Excel Notebook

Excel is the most widely used data tool in Taiwan's workplace. Even if you primarily work in Python or SQL, Excel is the common language between analysts and non-technical stakeholders. This notebook covers the functions and workflows that appear most often in DA work.

For programmatic equivalents, see Pandas Notebook and SQL Notes.

All examples use a parking system dataset with columns: station_code, station_name, city, license_plate, entry_time, exit_time, parking_type, amount, payment_method.

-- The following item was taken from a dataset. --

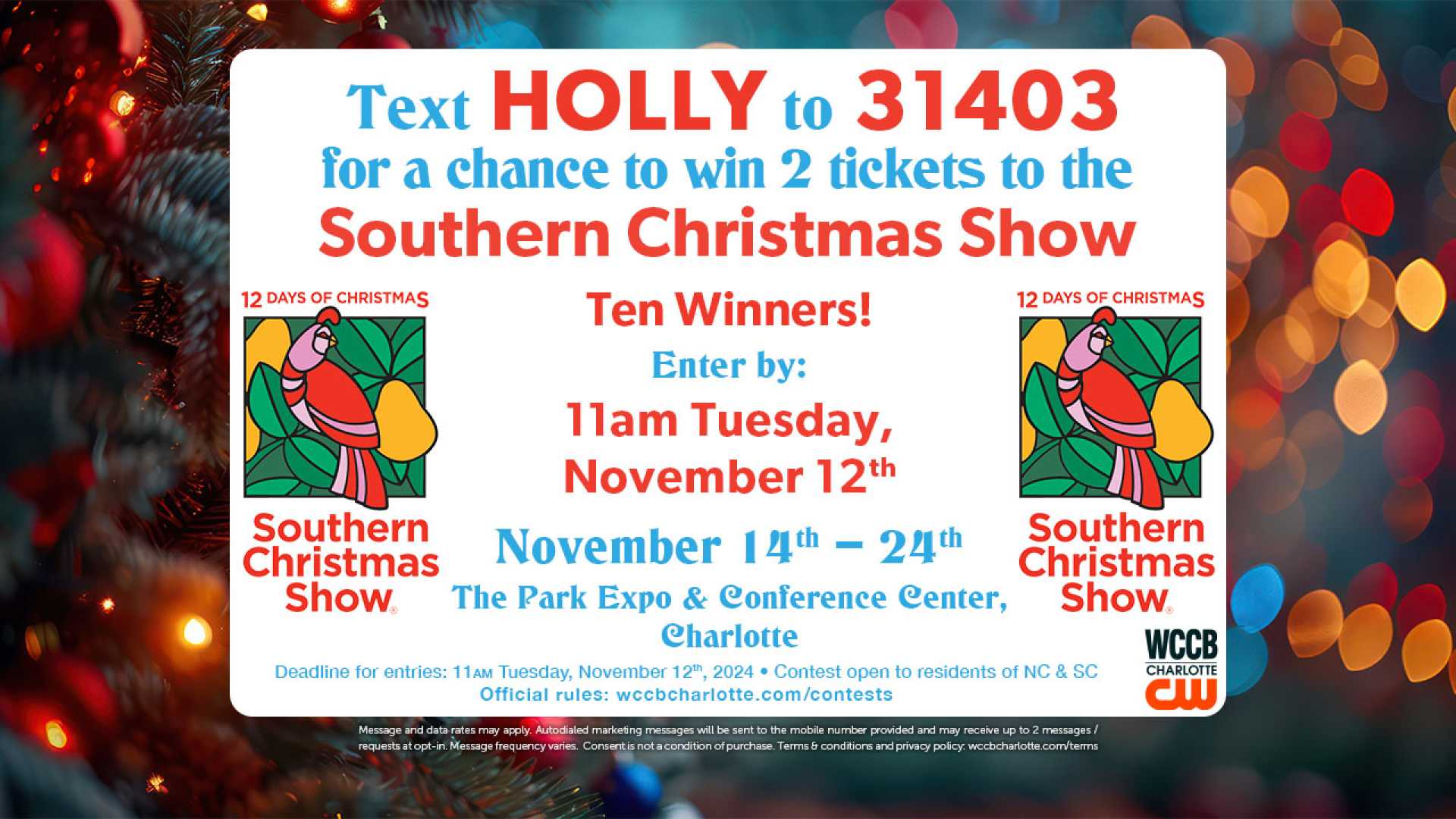 Southern Christmas Show Charlotte Nc 2024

Keyboard Shortcuts Worth Knowing

Shortcut Action
Ctrl + T Convert range to Table (auto-expands formulas)
Ctrl + Shift + L Toggle filters
`Ctrl + `` Show all formulas
Alt + = Auto-sum selected range
F4 Toggle absolute/relative reference (A1$A$1)
Ctrl + D Fill down
Ctrl + Shift + End Select to last used cell

Tables vs Ranges

Always convert raw data to a Table (Ctrl + T) before working with it.

Range Table
Formula fill Manual Auto-extends to new rows
Column reference B2:B1000 Table1[amount] — readable
Filter Manual setup Built-in
Pivot Table source Fixed range Auto-updates

Reference a table column in formulas: =SUM(Table1[amount]) instead of =SUM(B2:B1000).


Lookup Functions

XLOOKUP — Modern Standard

=XLOOKUP(lookup_value, lookup_array, return_array, [if_not_found])
-- find station name by station code
=XLOOKUP(A2, station_table[station_code], station_table[station_name], "Not Found")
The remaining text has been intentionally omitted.